[artinfo] [Deadline 23 Dec] The Dromocratic Condition

J Armitage j.armitage at unn.ac.uk
Thu Sep 23 01:58:49 CEST 2004


The Dromocratic Condition:

Contemporary Cultures of Acceleration

An international, multi-disciplinary conference hosted by the School of
English, University of Newcastle upon Tyne, UK
Saturday 12 and Sunday 13 March, 2005

Keynote speakers:
Douglas Kellner (UCLA, USA)
John Armitage (Northumbria, UK)


Theories of contemporary culture have foregrounded the significance of
'late capitalism' or 'post-Fordism' (Jameson; Harvey); simulation and
'hyper-reality' (Baudrillard); information technology and the 'inhuman'
(Lyotard); the 'panopticon' (Foucault); 'communicative action'
(Habermas); 'desiring-production' and schizophrenia (Deleuze and 
Guattari); risk
(Ulrich Beck); and the cyborg (Haraway).

An alternative theorisation - which intersects with these perspectives,
but diverges from them - views acceleration as the defining feature of the
contemporary era. The French cultural theorist Paul Virilio has coined
the term 'dromocracy' (from the Greek dromos: avenue or race course) to
characterise this position. Under Virilio's 'dromocratic' reading of
history, scientific, technological, societal, military, and cultural
change is propelled by the pursuit of ever-increasing speed. Our own era - with
its fibre-optic cables, satellite-linked communications networks, supersonic
aircraft, and cruise missiles - is, Virilio suggests, approaching the
limits of acceleration, and teeters on the edge of the 'integral accident' -
the true end of modernity.

This conference invites papers that explore any aspect of what the
social theorist John Armitage - re-orientating Lyotard's famous assessment of
the contemporary - has called the 'dromocratic condition'. What are the key
characteristics of the contemporary culture of acceleration?

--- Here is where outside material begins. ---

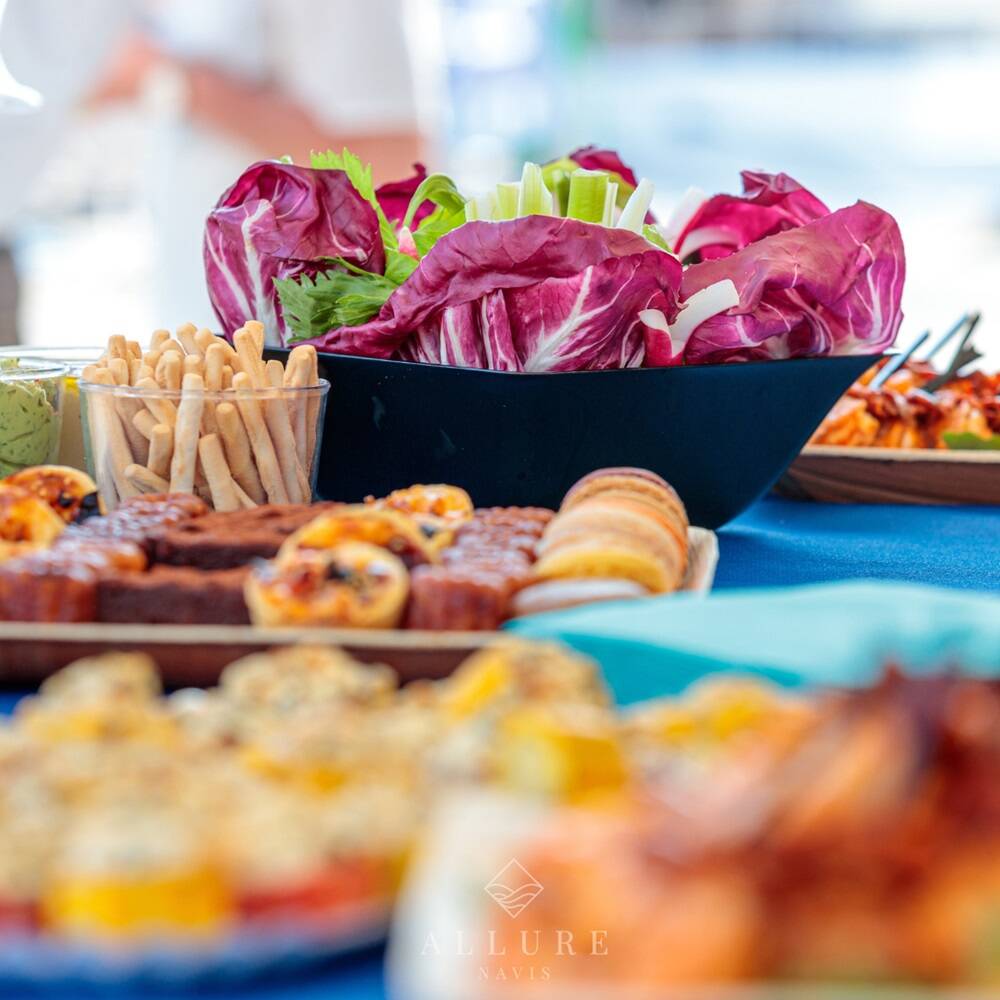 Mahlzeiten und Snacks, zubereitet von der Hostess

How has the
pursuit of speed impacted upon contemporary subjectivity, upon strategies
of warfare and terrorism, or upon experiences of space and time? How have
theorists, activists, writers, artists, and filmmakers responded to the
speed-up of contemporary life? Is there necessarily a connection between
speed and destruction, or can high-speed technologies serve a progressive
or radical agenda? Is speed truly, as Virilio has claimed, 'the location
and the law, the world's destiny and its destination', or do movements exist
that offer viable alternatives to the contemporary culture of acceleration


The organisers envisage that a special issue of the journal Cultural
Politics http://www.bergpublishers.com/uk/culture/culture_about.htm
will result from the papers at the conference.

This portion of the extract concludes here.